History becomes opera in `Rasputin'. A production that's calculated to shock

The subject of Rasputin is inevitably the stuff of opera: The name conjures up an treasure-trove of scenes, confrontations, moods, and emotions. The licentious peasant-turned-religious-fanatic - who preached redemption through lust - eventually ruled the weak and paranoid Russian royal family of Nicholas II as the country lay poised on the brink of cataclysm.

The sociopolitical free-for-all of the revolutionary period included such disparate personages as Lenin, fomenting his Marxist rioting, and the corrupt and decadent Russian nobility, vying for power in a crumbling czarist world that, in turn, was ruthlessly trying to suppress the revolutionary dissent.

Now Jay Reise has taken on this prodigious subject, creating both the score and libretto for ``Rasputin,'' which is receiving its world premi`ere at the New York City Opera. The work is staged by Frank Corsaro and conducted by the City Opera's general director-designate, Christopher Keene. (It will be performed tonight, and Oct. 5 and 11.)

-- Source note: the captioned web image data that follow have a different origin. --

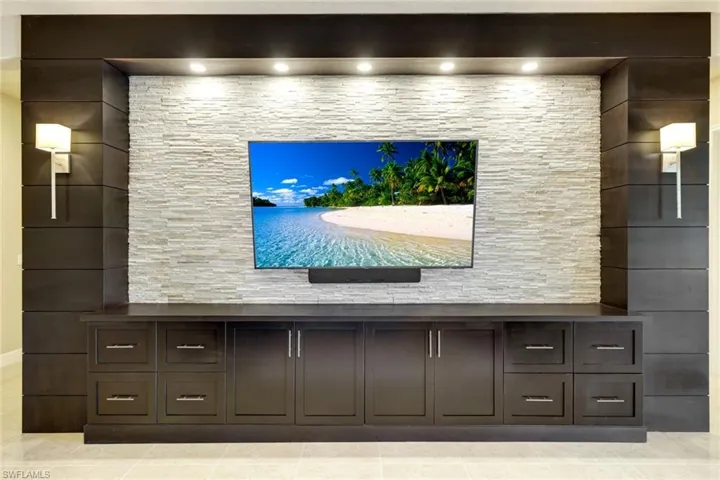 Gorgeous Solid Wood Entertainment Center with Stacked Stone Accent wall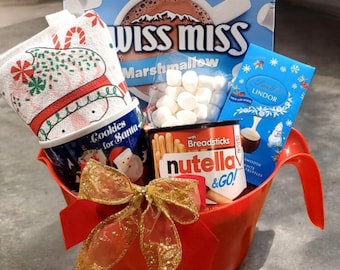 May include: A red plastic bucket filled with a Christmas-themed gift basket. The basket includes a mug that says "Cookies for Santa", a red and white striped kitchen towel, a box of Swiss Miss Marshmallow hot chocolate, a bag of marshmallows, a box of Nutella and breadsticks, and a bar of Lindor chocolate.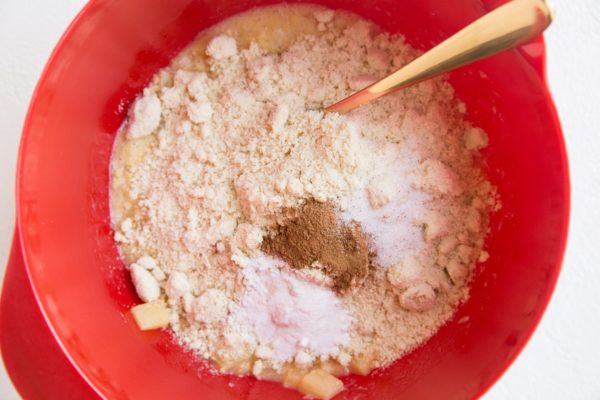 Dry ingredients on top of wet ingredients in a mixing bowl.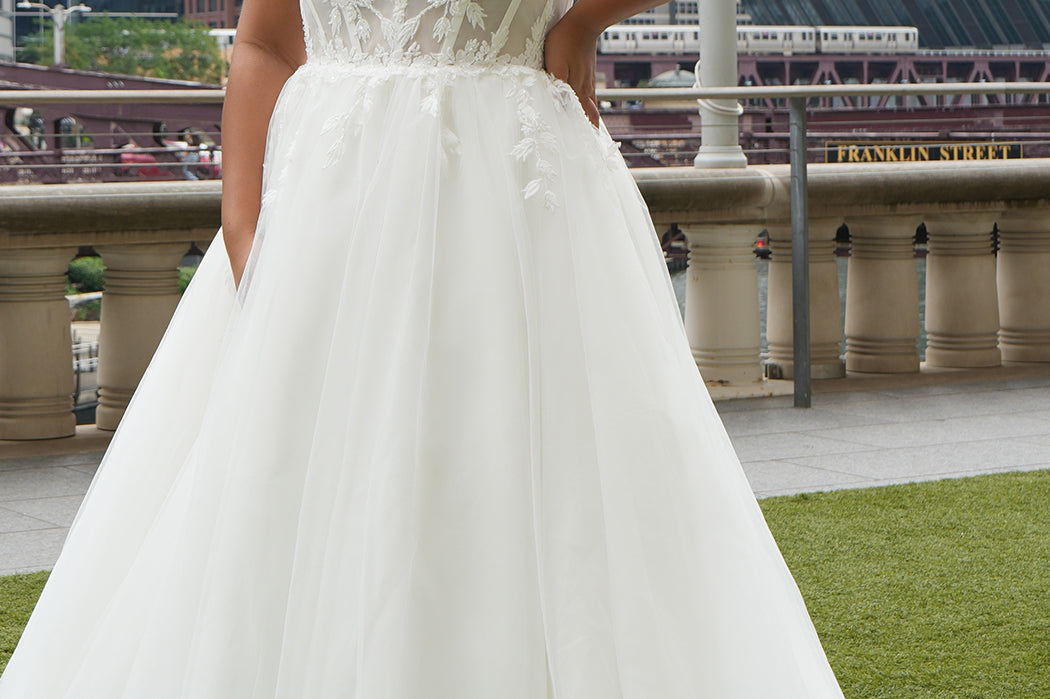 Michelle Bridal MB2620 shown in Ivory. 

Bridal ballgown with many layers of soft tulle and crinoline and satin lining. V-neckline, beaded straps, sheer bodice with floral appliques. Natural waistline and optional bodice lining. Long train and center back zipper. 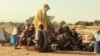 FILE - Displaced Sudanese, who fled the Zamzam camp, gather near the town of Tawila in North Darfur on Feb. 14, 2025. On Feb. 24, 2025, Doctors Without Borders halted its operations in the camp due to an escalation of fighting in the area. 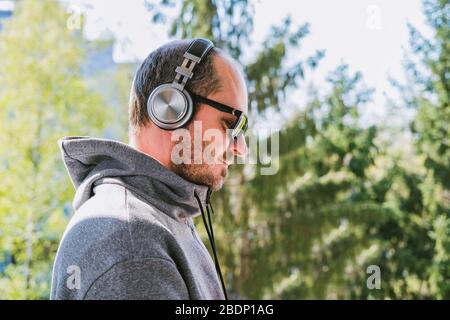 Bärtiger Mann im Hoodie mit Kopfhörern, die Musik im Park im Freien, Kopf und Schultern hören Stockfoto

Mr. Reise manages to create some dramatic moments that are gripping and stirring. Musically, ``Rasputin'' careens from dissonance to tonality, to tone clusters, from angular atonality to impassioned romantic lyricism.

Reise is at his best in crowd scenes and with the character of Alexandra, the czarina. There is a seething brutality to the masses gathering and rioting. The crescendoing musical maelstrom that accompanies the epilogue - where the royal family is assassinated and Lenin's soldiers become as ruthless as the czar's had been - is potent and disturbing. The composer evinces a compassionate fondness for confused, terrified Alexandra, who desperately falls under Rasputin's hypnotic powers, believing him to be the miraculous healer of her newborn son. Her music becomes more and more heartrending as her world falls apart.

But Reise fails to show dramatic skill as a librettist. His plot is a rather ordinary patchwork quilt of scenes that merely state the obvious. The dialogue is thin and flatly written; the confrontations have no spark.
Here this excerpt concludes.